Nel caso di indebita ritenzione di somme ricevute dall’erario per il compimento di un pubblico ufficio o nell’omessa restituzione di denaro statale, i rei erano assoggettati a una pena pecuniaria pari alla somma non restituita aumentata di 1/3.
Ad Augusto risale anche l’istituzione di due nuovi tribunali permanenti:
a) per i reati di adulterio: fondamentale è la lex Iulia de adulteriis coercendi con cui l’adulterio fu per la prima volta attratto nell’ambito dei crimini pubblici.

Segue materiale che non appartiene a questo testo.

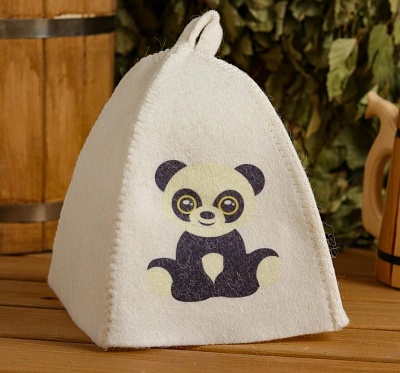 ������ ������� ����� - �����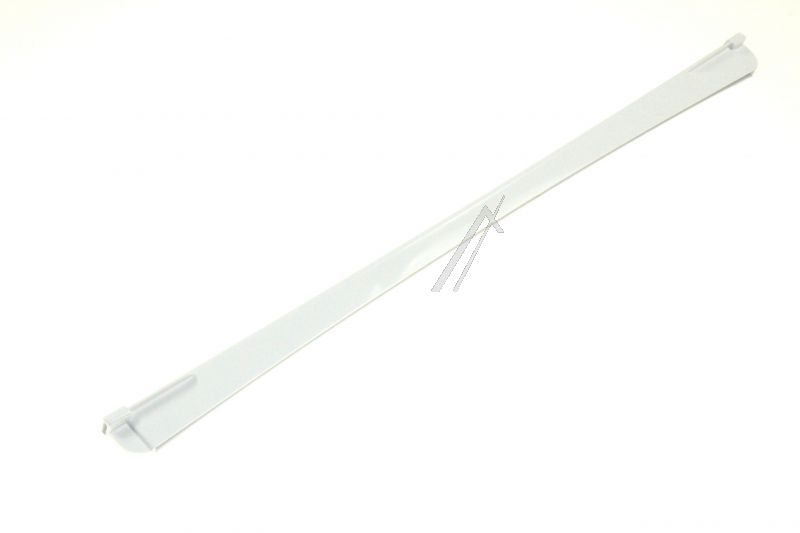 Gorenje 380518 Profil - Protection of glass shelf-4 h54 070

La legge puniva l’unione sessuale sia con donna maritata, sia con donna non maritata di onesta condizione , nonché lo sfruttamento e favoreggiamento di detti crimini. In alcuni casi era riconosciuto al padre e al marito della donna il diritto di farsi giustizia da sé: il padre poteva uccidere la propria figlia adultera insieme al suo amante se li coglieva sul fatto in casa propria o in casa del genero; il marito poteva uccidere solo l’amante della moglie sorpreso in flagrante nella propria casa, a condizione che si trattasse di persona di bassa condizione sociale.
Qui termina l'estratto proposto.